We have Sir Tim Berners-Lee to thank for quite a lot. From search engines to social media, Berners-Lee’s invention has served as a powerful central platform for so many of today’s innovations. Berners-Lee is the inventor of the World Wide Web.
He was born in England in 1955 to parents involved in the development of the first commercial computer, Ferranti Mark 1. He would go on to receive a Bachelor of Arts degree in physics from The Queen’s College of Oxford and work as a software engineer for a telecommunications company.
While working as an independent contractor in 1989, Berners-Lee began developing an information management system based on now familiar concept of hypertext. The system would facilitate the sharing of information between researchers.
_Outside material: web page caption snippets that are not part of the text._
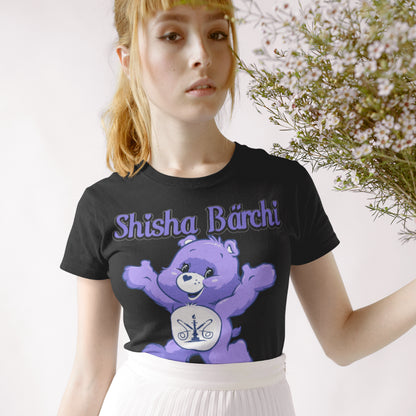 Shisha Bärchi - Glücksbärchi - Damenshirt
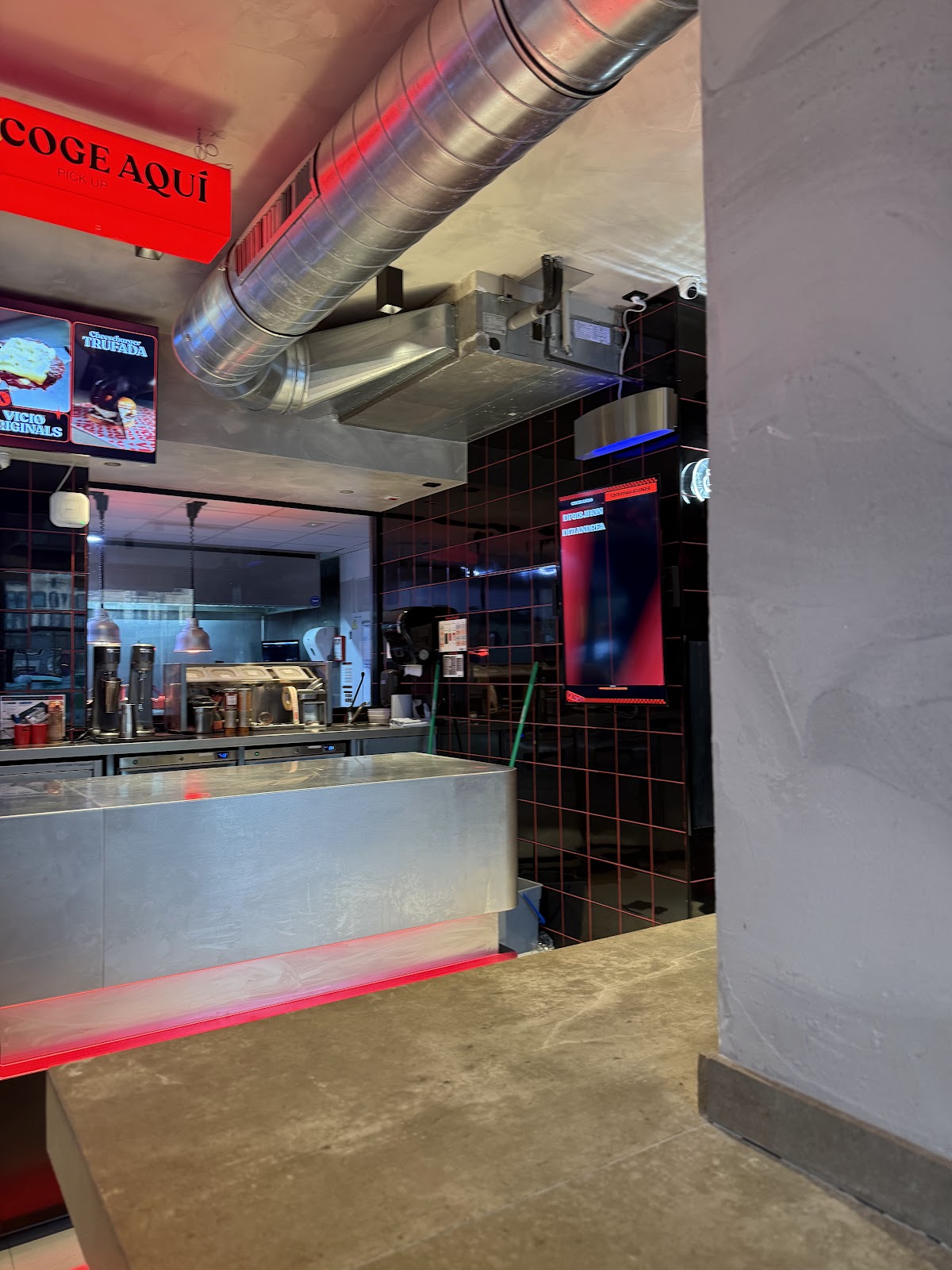 VICIO Plaza España | Restaurant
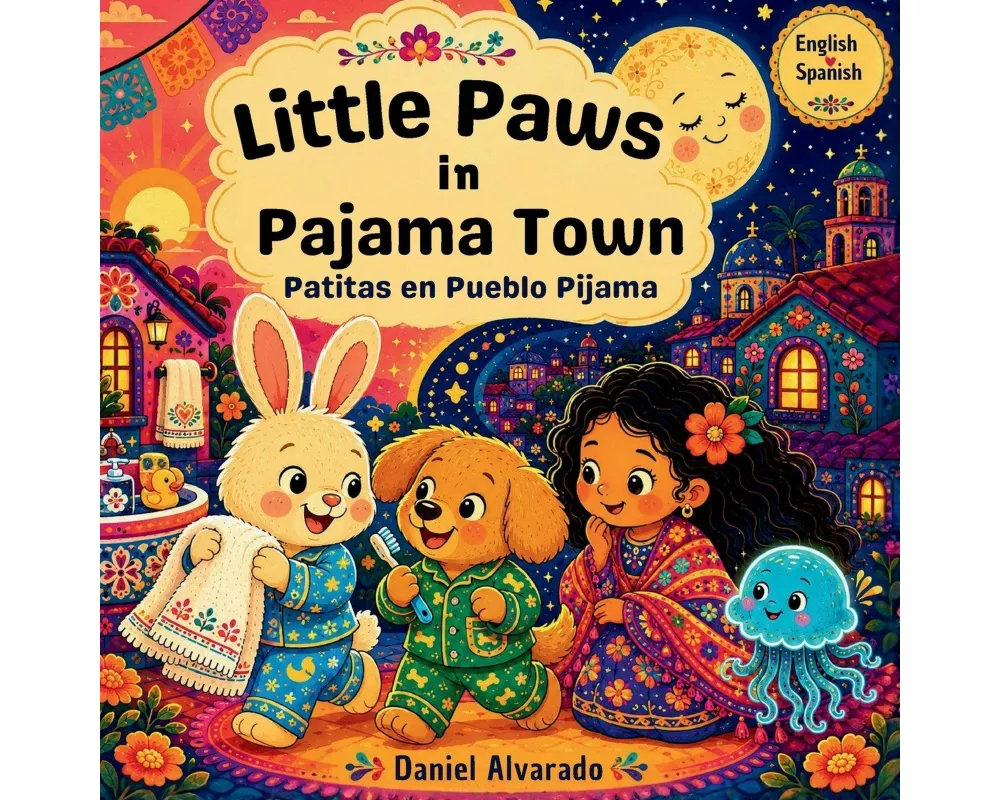 Little Paws in Pajama Town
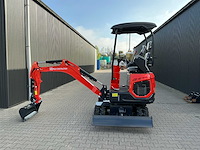 Field construction hft-15 banden graafmachine / mobiele kraan - afbeelding 2 van  17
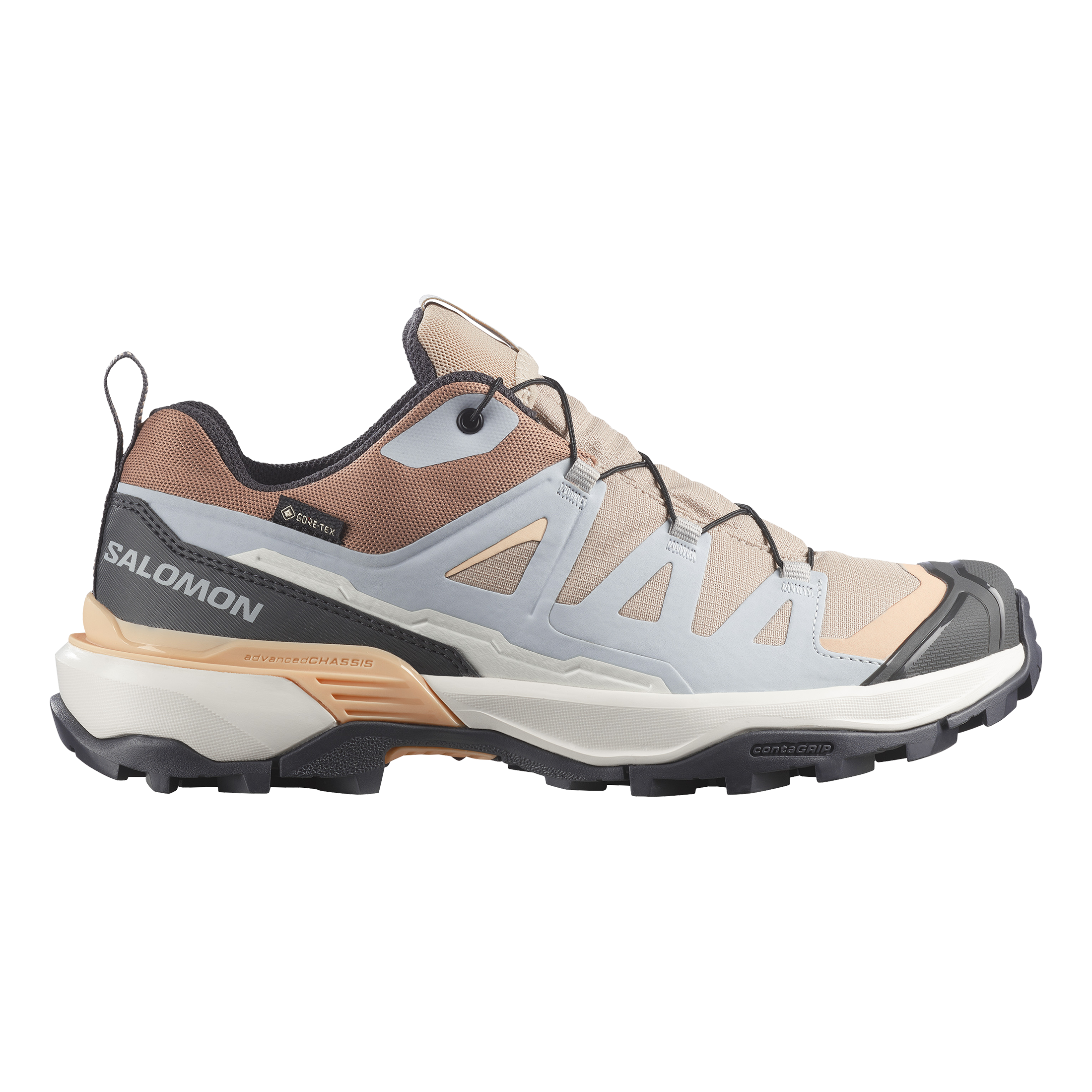 #Color_Oxford Tan / Pearl Blue / Almond Cream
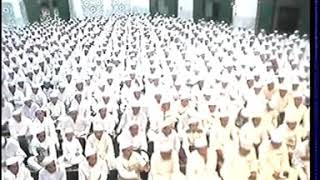 Suara Merdu Syaikh Asal Al Banjari, Pemuda Indonesia Asal Banjar Yang Menjadi Imam di Makkah...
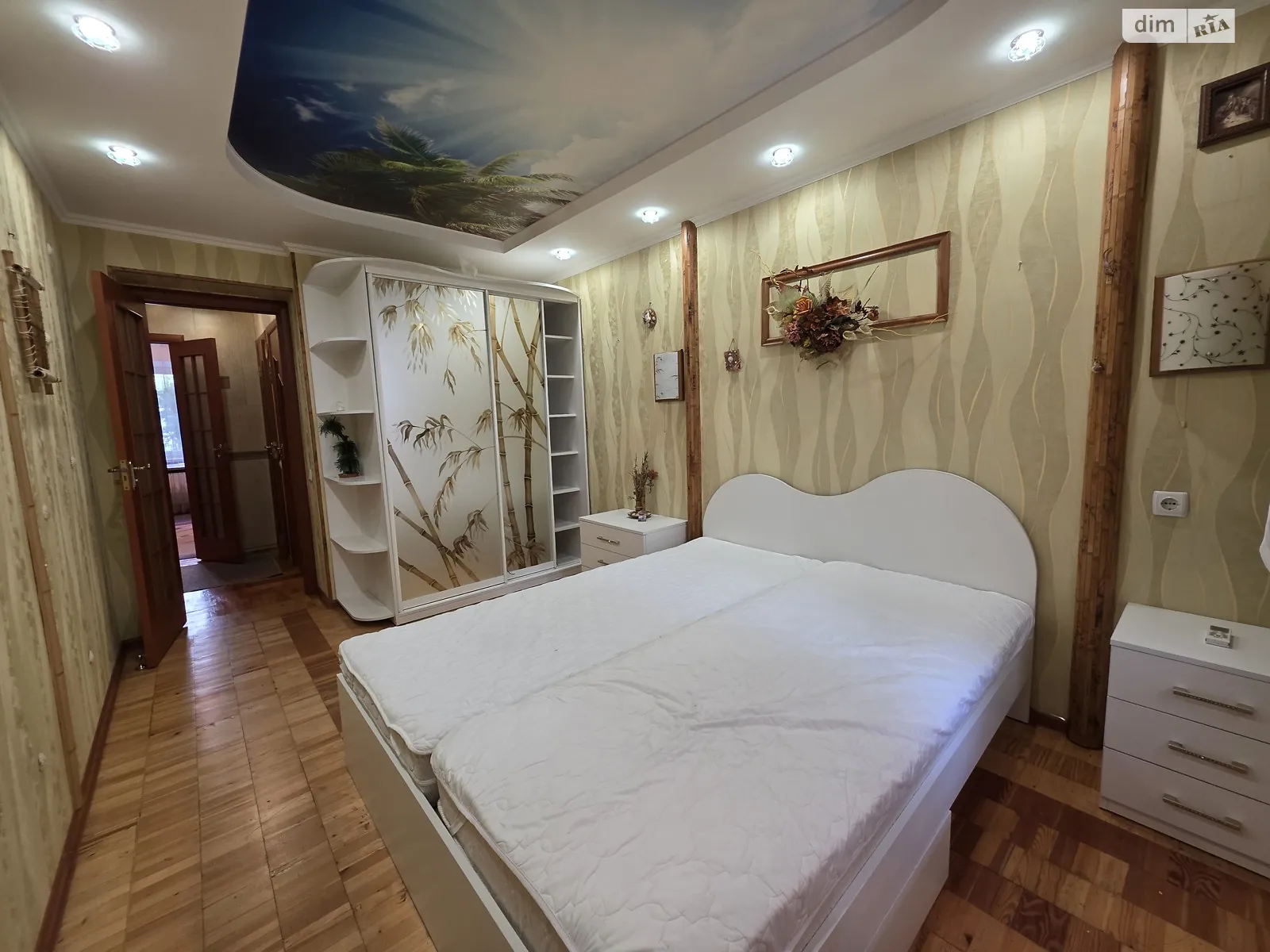 Здається в оренду 2-кімнатна квартира 50 кв. м у Вінниці, вул. Стеценка, 48 - фото 1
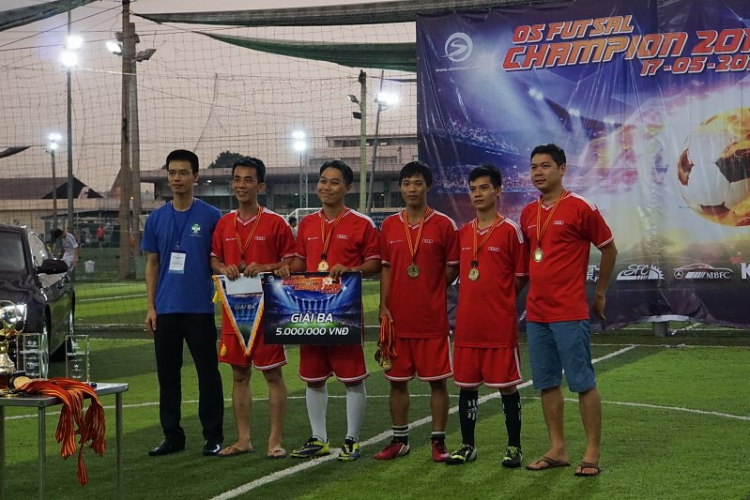 Nơi Tổng Hợp Thông Tin TFC Futsal Team.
He named his prototype ENQUIRE.
Several years later, after gaining valuable experience in computer networking, Berners-Lee applied his hypertext model to existing Internet infrastructures, like Transmission Control Protocol (TCP) and the domain name system to create the World Wide Web. He developed the first web browser to navigate this new documentation system, along with the first Web editor and server.
The first web page, hosted on the first web site and server, was http://info.cern.ch/hypertext/WWW/TheProject.html. The page provided information on the World Wide Web project and instructions for using a browser and setting up a web server.
Today, Berners-Lee is the director of the World Wide Web Consortium (W3C), which is involved in the continual development of the Web. He contributes his expertise to a number of technology and education institutions. In 2004, he was knighted by Queen Elizabeth II for his work as a “pioneer” in technology.
Berners-Lee’s high level of abstract thinking and revolutionary approach to information management led to the development of the largest platform for innovation of our time. The WWW serves as proof: a big idea can be a vehicle for future generations of big ideas.